Not everyone knows coulrophobia, but everyone knows clowns, whose painted faces, frozen smiles and grotesque clothing can make you laugh or scare you. It is precisely in this second register that the Clown Torture video is located, playing on this unexplained fear from which certain individuals can suffer, but above all inspired by the figure of the clown himself. Bruce Nauman also describes the latter as “the abstract idea of a person”, because clowns are anonymous beings with a secret life and identity, but also fundamentally melancholic – we paradoxically find among them a rate of suicide quite high. On four television sets, the artist broadcasts videos of one of them in scenes bordering on psychosis which generate a suffocating cacophony. Sometimes locked in a toilet, standing in a dark room or with his legs in the air in an empty studio, the character screams and cries, simultaneously expressing anger, frustration and sadness. A way for Bruce Nauman to depict the slide of an anonymous individual towards madness by arousing fear. Only a year before the creation of this work appeared It, the novel by Stephen King where the evil Pennywise was preparing to become the scariest clown in horror fiction…

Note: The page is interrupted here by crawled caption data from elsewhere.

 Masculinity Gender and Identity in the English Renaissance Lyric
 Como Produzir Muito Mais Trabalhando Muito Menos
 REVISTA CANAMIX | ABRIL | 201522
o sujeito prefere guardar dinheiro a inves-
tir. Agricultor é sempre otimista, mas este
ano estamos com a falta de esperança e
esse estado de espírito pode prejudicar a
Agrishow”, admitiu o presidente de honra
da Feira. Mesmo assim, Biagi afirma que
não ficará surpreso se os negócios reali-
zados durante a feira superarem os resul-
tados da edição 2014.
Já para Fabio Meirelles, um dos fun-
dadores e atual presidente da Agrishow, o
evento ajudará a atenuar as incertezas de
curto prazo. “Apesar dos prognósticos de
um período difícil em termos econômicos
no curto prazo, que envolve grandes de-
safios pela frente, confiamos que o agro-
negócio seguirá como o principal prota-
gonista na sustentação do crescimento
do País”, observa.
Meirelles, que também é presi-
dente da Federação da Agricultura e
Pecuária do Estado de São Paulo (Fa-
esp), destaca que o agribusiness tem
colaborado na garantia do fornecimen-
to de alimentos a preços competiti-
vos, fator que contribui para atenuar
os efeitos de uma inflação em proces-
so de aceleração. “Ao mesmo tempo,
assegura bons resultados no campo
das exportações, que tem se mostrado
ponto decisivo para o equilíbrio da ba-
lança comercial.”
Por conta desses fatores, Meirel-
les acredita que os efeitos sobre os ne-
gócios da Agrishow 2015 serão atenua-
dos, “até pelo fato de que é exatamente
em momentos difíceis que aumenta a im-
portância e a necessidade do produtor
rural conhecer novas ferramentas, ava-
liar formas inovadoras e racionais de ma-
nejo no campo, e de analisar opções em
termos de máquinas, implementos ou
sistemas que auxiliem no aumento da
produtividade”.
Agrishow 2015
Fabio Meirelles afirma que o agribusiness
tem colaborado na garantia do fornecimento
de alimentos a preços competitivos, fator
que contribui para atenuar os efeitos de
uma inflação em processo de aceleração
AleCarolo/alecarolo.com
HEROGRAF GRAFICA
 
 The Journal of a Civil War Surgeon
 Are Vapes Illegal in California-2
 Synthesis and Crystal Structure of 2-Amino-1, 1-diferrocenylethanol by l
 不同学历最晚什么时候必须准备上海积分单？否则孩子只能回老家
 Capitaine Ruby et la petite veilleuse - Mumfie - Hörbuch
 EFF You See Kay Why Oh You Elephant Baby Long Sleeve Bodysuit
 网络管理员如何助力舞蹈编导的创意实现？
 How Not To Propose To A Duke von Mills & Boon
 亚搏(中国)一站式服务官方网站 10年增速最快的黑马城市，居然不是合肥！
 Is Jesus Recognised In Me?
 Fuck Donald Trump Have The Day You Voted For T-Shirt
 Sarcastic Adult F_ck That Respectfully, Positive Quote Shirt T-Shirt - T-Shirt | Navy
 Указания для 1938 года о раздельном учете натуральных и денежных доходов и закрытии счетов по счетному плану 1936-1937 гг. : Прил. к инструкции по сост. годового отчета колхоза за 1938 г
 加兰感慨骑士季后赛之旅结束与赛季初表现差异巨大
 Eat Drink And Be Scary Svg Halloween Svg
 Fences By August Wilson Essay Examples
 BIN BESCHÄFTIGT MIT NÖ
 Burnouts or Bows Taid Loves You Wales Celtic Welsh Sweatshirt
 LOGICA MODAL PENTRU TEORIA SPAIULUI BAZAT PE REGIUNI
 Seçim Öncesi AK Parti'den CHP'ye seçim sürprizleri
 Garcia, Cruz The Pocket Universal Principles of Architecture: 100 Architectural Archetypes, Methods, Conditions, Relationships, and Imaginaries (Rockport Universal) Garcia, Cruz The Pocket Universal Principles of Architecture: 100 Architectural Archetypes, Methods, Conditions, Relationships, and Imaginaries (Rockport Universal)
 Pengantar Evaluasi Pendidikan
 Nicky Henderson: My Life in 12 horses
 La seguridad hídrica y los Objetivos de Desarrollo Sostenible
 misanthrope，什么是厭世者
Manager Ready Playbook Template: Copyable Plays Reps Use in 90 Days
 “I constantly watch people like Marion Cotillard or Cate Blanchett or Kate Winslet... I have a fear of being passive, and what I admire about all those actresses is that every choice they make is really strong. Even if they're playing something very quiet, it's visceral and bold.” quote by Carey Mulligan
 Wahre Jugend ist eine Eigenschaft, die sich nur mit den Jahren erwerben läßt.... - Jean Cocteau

Anthro/Socio (Rinde Spinning) (1992): when the head becomes a siren

Five years after the oppressive delusions of Clown Torture, Bruce Nauman continues his experiments on emotion and the human voice by accomplishing a new objective: transforming a man into an alarm siren. This time, it is the American actor and composer Rinde Eckert who complies with the exercise: filmed in close-up, his expressive face never stops screaming while his bald head turns on itself, like a disturbing rotating beacon. Listening closely to his threatening voice, we hear the words “Feed me, eat me, anthropology! Help me, hurt me, sociology!” (Feed me, eat me, oh anthropology! Help me, hurt me, oh sociology!”). The actor already formulated these strange injunctions in a previous Bruce Nauman video where he appeared in front of the camera and motionless. Here, the artist pushes his usual fragmentation of the body even further by reifying the head, multiplied on monitors and videos projected large on the walls. Immersive and sculptural, this installation once again shows all the artistic ambition of the American: to create through the work of art a holistic experience which reaches out to the viewer even before they approach it.